The disaster that Psalm 107:17-18 describes prompts those who have acted foolishly to respond in wise ways in verse 19. Those who’d suffered affliction, hated food and nearly died “cried out to the Lord in their trouble.” They turned to the only One who could rescue them from the calamity they’d brought on themselves. This offers those who preach and teach Psalm 107 a chance to help hearers reflect on their own natural responses to trouble. To where do we turn first for our help in times of crisis? It’s tempting for citizens of the 21st century who have so many resources at our disposal to turn to God for help only as a last resort when all other resources have failed.

God’s response to the rebels’ desperate cries for help reflects God’s goodness and faithfulness for which we thank God in verse 1. God rescues miserable people from their distress. In fact, with the same power that God displays by speaking a creative word, God speaks a healing word. God rescues those who cry out to the Lord from the lip of the grave. Of course, Christians can hardly hear verses 19 and 20 without thinking of the healing ministry of Jesus Christ. The gospel writers fill their works with accounts of Jesus’ healing power in the lives of countless ill people cried out to him for help.

The psalmist recognizes that the most appropriate response to such gracious “yes’s” to our pleas for help is thanksgiving. Much like the psalmist calls God’s children to give thanks to the Lord because God’s love endures forever, in verse 21 she calls those whom God has redeemed to give thanks to the Lord for God’s “unfailing love.” After all, God manifests that love by, among other things, doing wonderful deeds for those God loves.

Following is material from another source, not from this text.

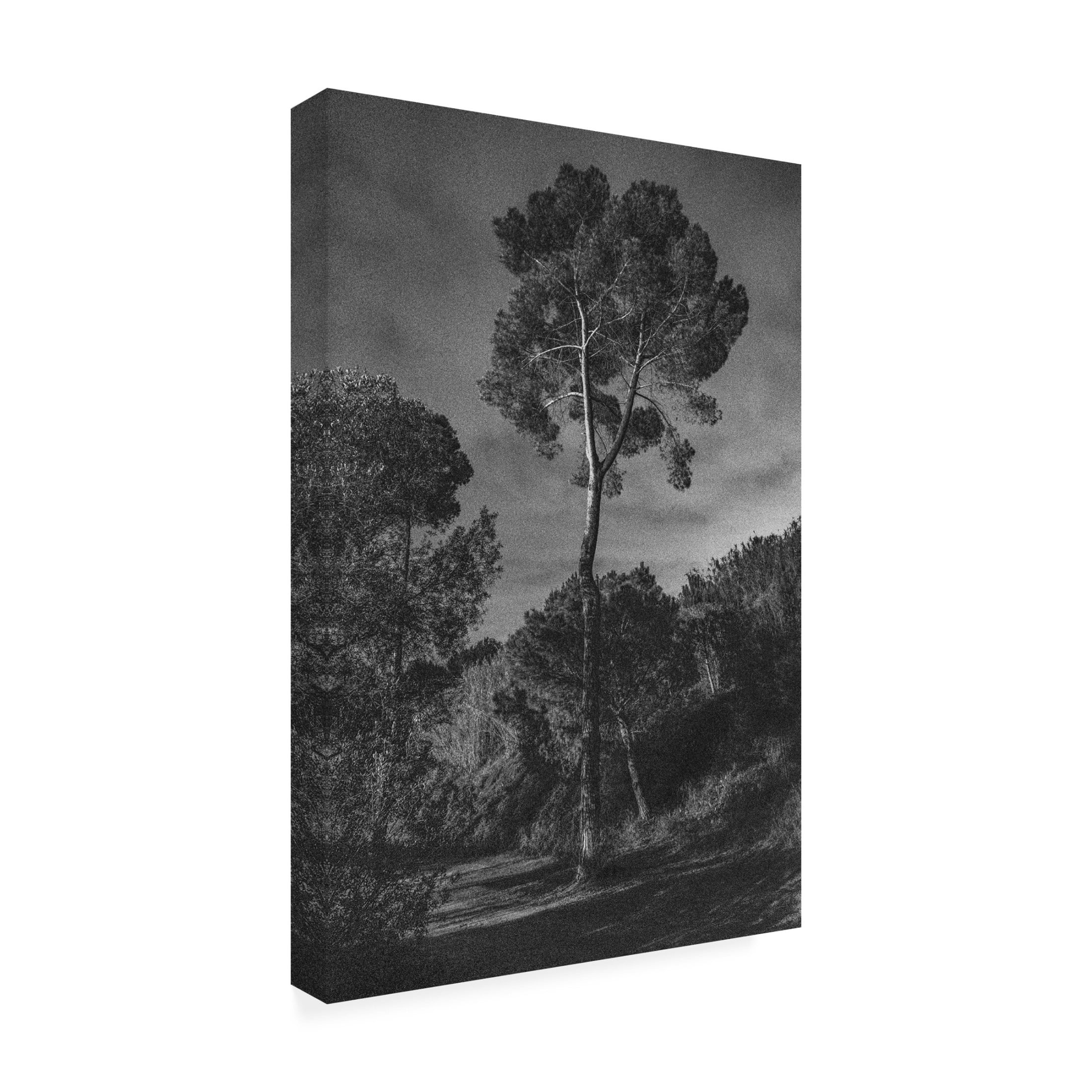 Trademark Fine Art Pepa Aston Arbores Canvas Wall Art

However, the psalmist insists those God has rescued also have good reason to sacrifice “thank offerings” to the God who redeemed them. As Nancy deClaisse-Walford notes, when people sacrificed thank offerings, they also ate with the priests a meal of celebration of God’s goodness. So in the context of Psalm 107, those who’d hated food and nearly died again taste life-giving nourishment.

Since Christians believe Jesus Christ fulfilled the ceremonial law that involved offering sacrifices as thank offerings, those who preach and teach Psalm 107 may wish to explore how God’s modern sons and daughters can offer God their thanks. How can we go beyond saying and singing our thanksgiving to God? How can thanksgiving be a central theme of our thoughts and actions?

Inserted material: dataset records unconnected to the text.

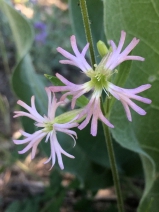 Silene occidentalis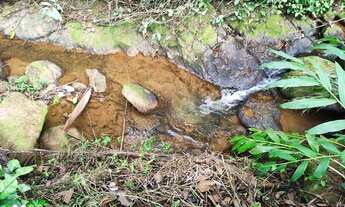 Imagem 7: Fazenda em Marechal Floriano - ES com 6 alqueires de terra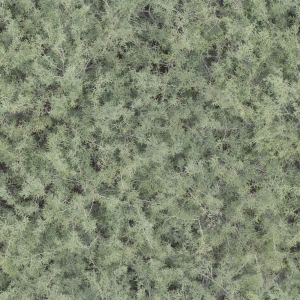 高清无缝草地-ID:949657928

After all, as deClaisse-Walford notes, we not may be or ever have literally been dying because of our rebellion. Yet nearly all of us have needed not only spiritual but also physical rescue by God. Psalm 107 offers a good template for our response to such crises. We recognize the problem, cry out to God for help, gladly accept the help the Lord gives and then give thanks to God.

Yet this template also helps us to consider our response to those in crisis around us. We join those who are sick, hungry, lost, imprisoned or in some other kind of danger in crying out to God for help. However, we also remember that God often rescues others from their distress in no small part through God’s children. So those whom God has redeemed from their distress always ask ourselves how we can put ourselves in a place to be used by God to help rescue others from their crises.

Illustration Idea

The Old Testament scholar Terrence Fretheim says Psalm 107’s imagery reminds him of the baby monitors many parents of young children have. They resemble walkie-talkies. Parents place the monitor near their baby and keep the receiver near them. So no matter where the parents are in the house, they can always hear the noises their child makes. They can hear, for example, when their child cries upon awakening from a nap. This allows them to respond immediately to those cries.

It’s almost as if the psalmist pictures God as placing a kind of baby monitor near God’s sons and daughters. That monitor is tuned to the noises we make, particularly our cries of pain. God instantly hears our cries for help so that God can graciously respond with redemption.